Ok! Have a seat, please :D

Hari H

Dengan menumpang penerbangan Qatar Airways, saya dan Ariena akhirnya menembus pagi buta menuju Turki. Tanah impian. Ga banyak yang bisa diceritain kecuali makanannya yang enak, keribetan kami dengan hand bags (pake “s”) dan waktu connecting-nya yang super lama (8 JAM!!!) di Doha. Btw, di duty free nya Doha International Airport ini banyak wajah-wajah Asia Tenggara. Jadi, sempatkanlah ngobrol bersama mereka, dan kalau bisa tanya sekalian tempat makan yang murah di sebelah mana (ember! Makanan di sono mahal gilak).

(sarapan di pesawat)

Perjalanan sekitar 21 jam (termasuk connecting yg lama itu), akhirnya berakhir di Ataturk Airport, Istanbul. Baru nyampe, langsung dikagetkan dengan troli yang harus bayar. Biasanya di Indonesia atau di Singapore trolley keleleran dimana-mana dan gratis. Eh, di sini kudu bayar 1 TL!!!
bersama troli mahal :(

Sesampainya di Istanbul, langsung dijemput oleh mbak Rini dan kawan-kawan. Tanpa ba bi bu, langsung cuss naik metro menuju otogar (terminal bis). Di otogar ini, kita beli tiket Istanbul – Izmir (40an TL, Pamukkale otobus). Mahal? Ga begitu sih. Soalnya bisnya super comfy banget.
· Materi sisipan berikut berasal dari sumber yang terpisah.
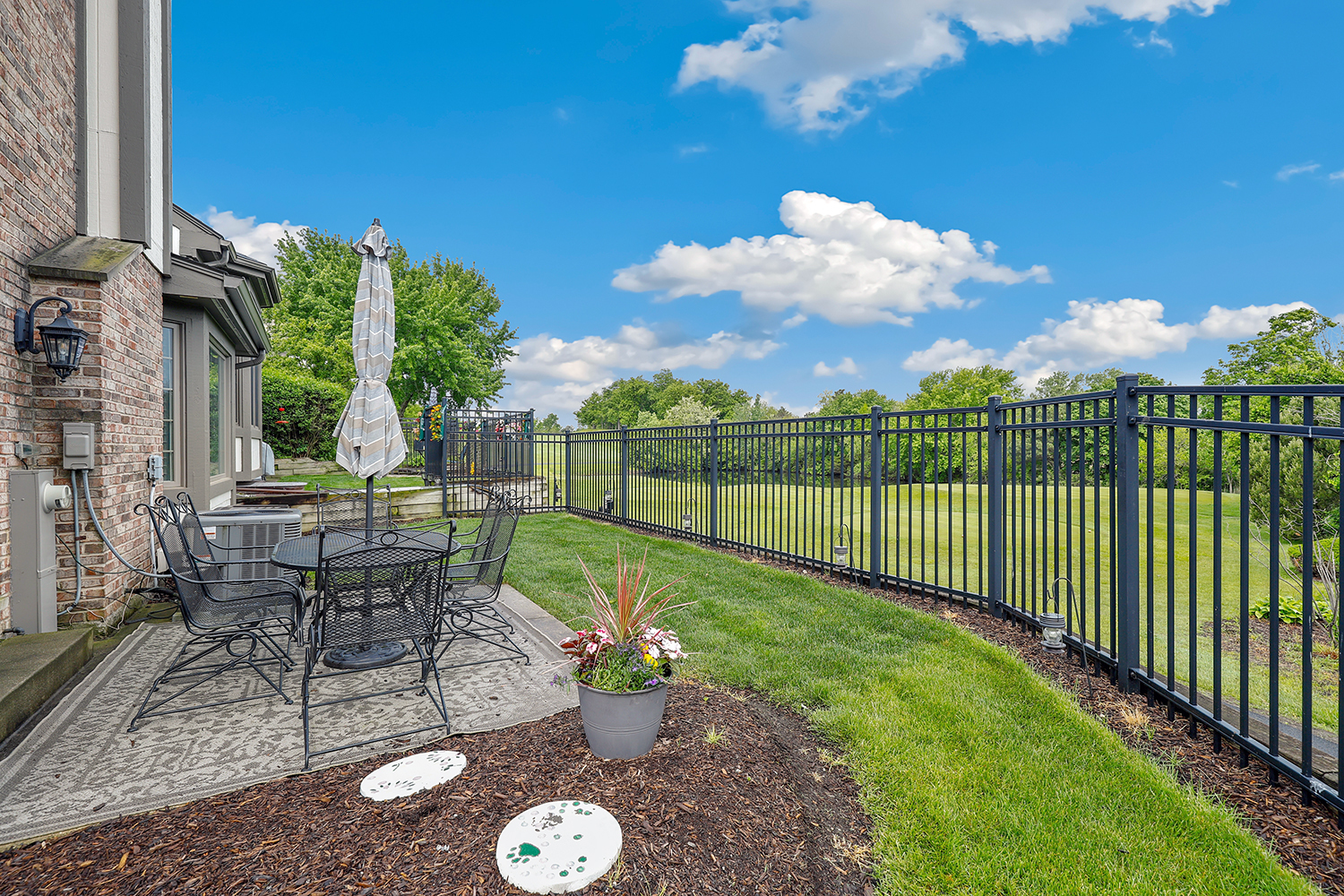 10508 Golf Road Orland Park, IL 60462 - Photo 36 of 50 a view of a chair and tables in the backyard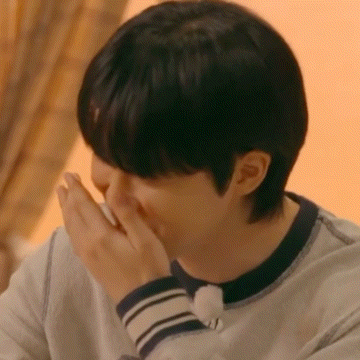 a close up of a person covering their mouth with their hands .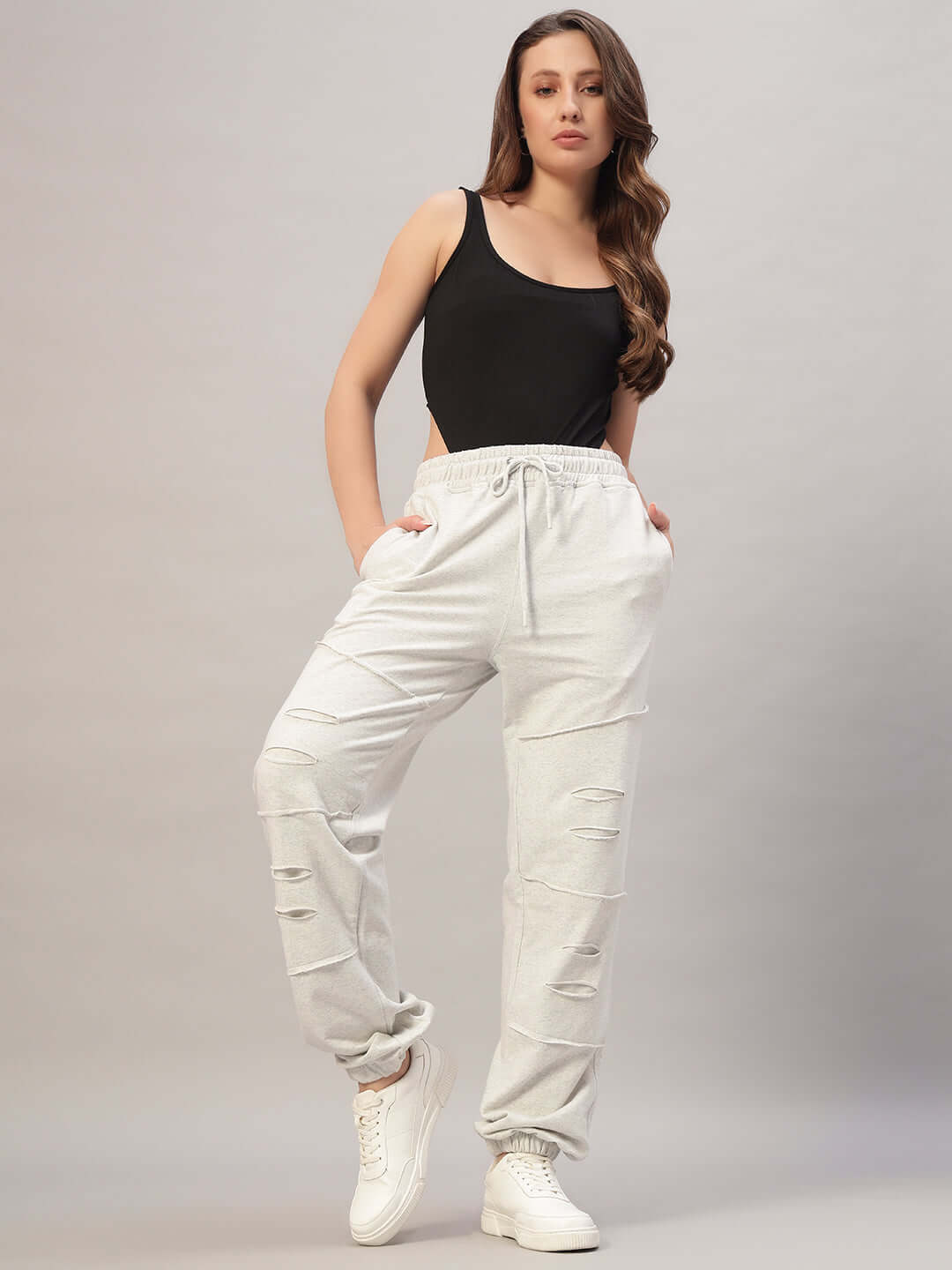 Woman wearing Women's DUDS Graze Joggers in melange grey with a black top, posing against a neutral background.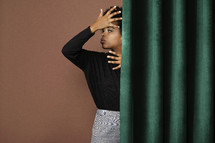a woman standing behind a curtain 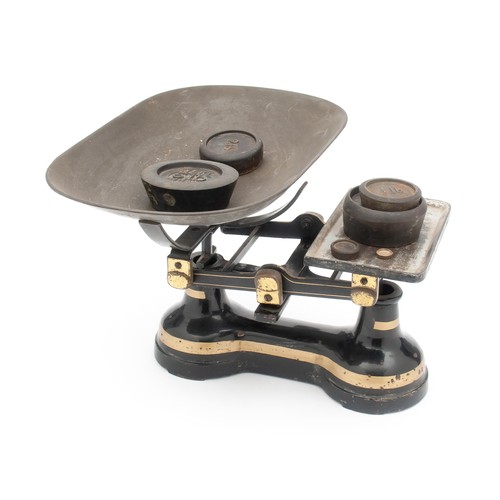 150 - A CAST-IRON AND BRASS SCALE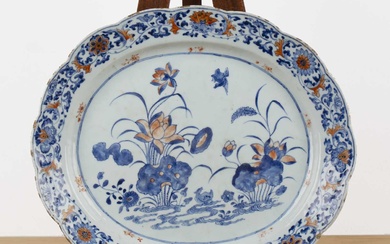 Oval porcelain serving dish Chinese, 18th Century painted with lotus...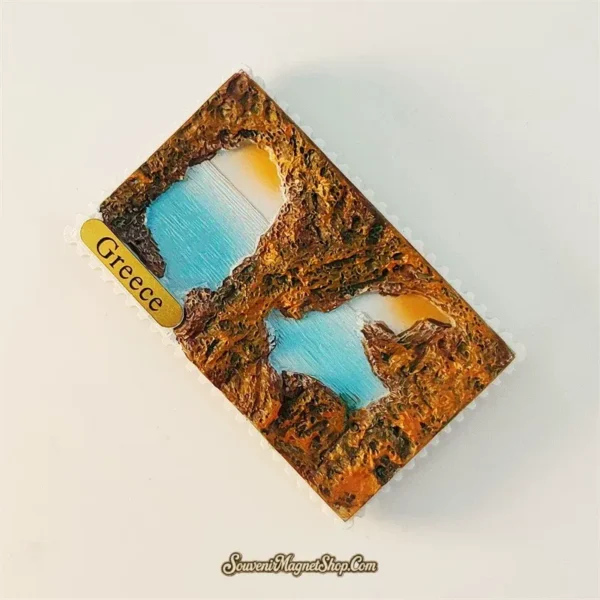 Angled view of Greece Kleftiko Beach souvenir magnet showing textured rock arches and Greece label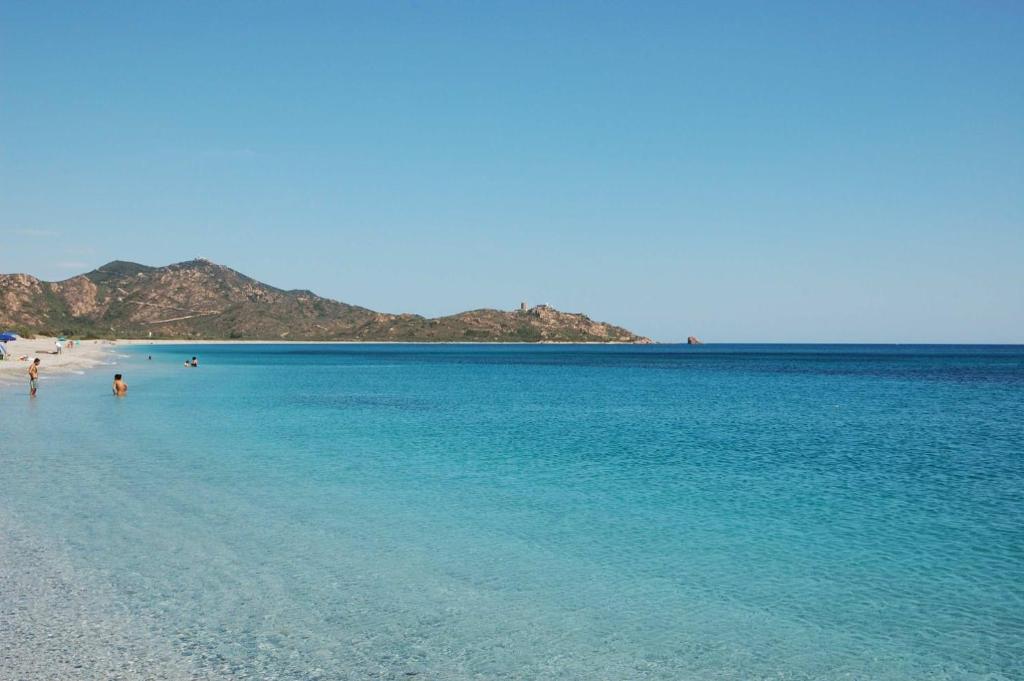 una playa con agua azul y gente en ella en Villetta Porto Corallo en Villaputzu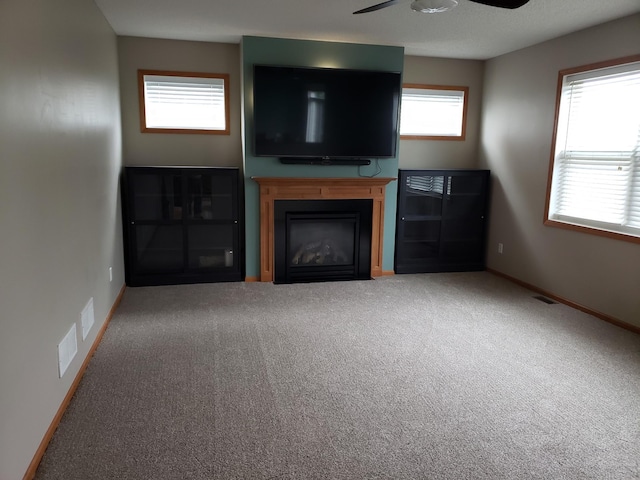 unfurnished living room featuring a glass covered fireplace, a ceiling fan, carpet flooring, and baseboards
Ada tv disetiap seatnya dan WIFI!!! Sayang oh sayang, saya dan Arien udah ngantuk banget dan sepanjang perjalanan kami habiskan untuk tidur. Bahkan saat menyebrang selat Bosphorus, kami tidur di dalam bis sementara penumpang lain memilih untuk duduk di Ferry sambil menikmati pemandangan selat yang tersohor itu.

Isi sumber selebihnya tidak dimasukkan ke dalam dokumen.